In the following code snippet, I use a symmetric matrix to calculate another. If I assign the matrix as Symmetric, it leads to excessive allocations if the loop is multi-threaded.
using BenchmarkTools
function foo()
ns = 1500
ne = 200
rbar = rand(Float64, (ne,ne)) * 30
#rbar = Symmetric(rbar, :L) # comment this line to see the difference
potzl = rand(ComplexF64, (ne,ne))
zls = [Array{ComplexF64}(undef, (ne,ne)) for t = 1:Threads.nthreads()]
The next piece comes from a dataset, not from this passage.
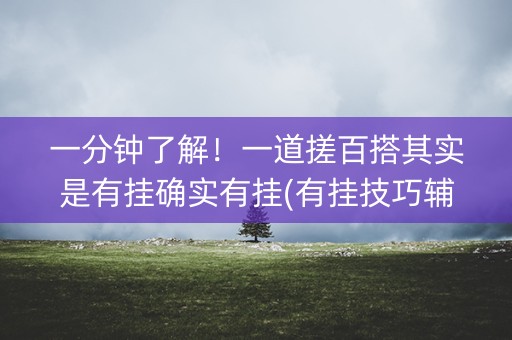 一分钟了解！一道搓百搭其实是有挂确实有挂(有挂技巧辅助器)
Threads.@threads for f = 1:ns
t = Threads.threadid()
zl = zls[t]
g = rand(ComplexF64)
for k = 1:ne
for i = k:ne
exp_gr = exp(-g * rbar[i,k]) # FIXME exp very slow
zl[i,k] = exp_gr * potzl[i,k]
end
end
end
end
precompile(foo, ())
@btime foo()
The output of @btime
without commenting rbar = Symmetric(rbar, :L)
is 3.168 s (180900039 allocations: 4.95 GiB
. If I comment that line, the output of @btime
is 287.963 ms (36 allocations: 3.67 MiB)
. Why does that happen?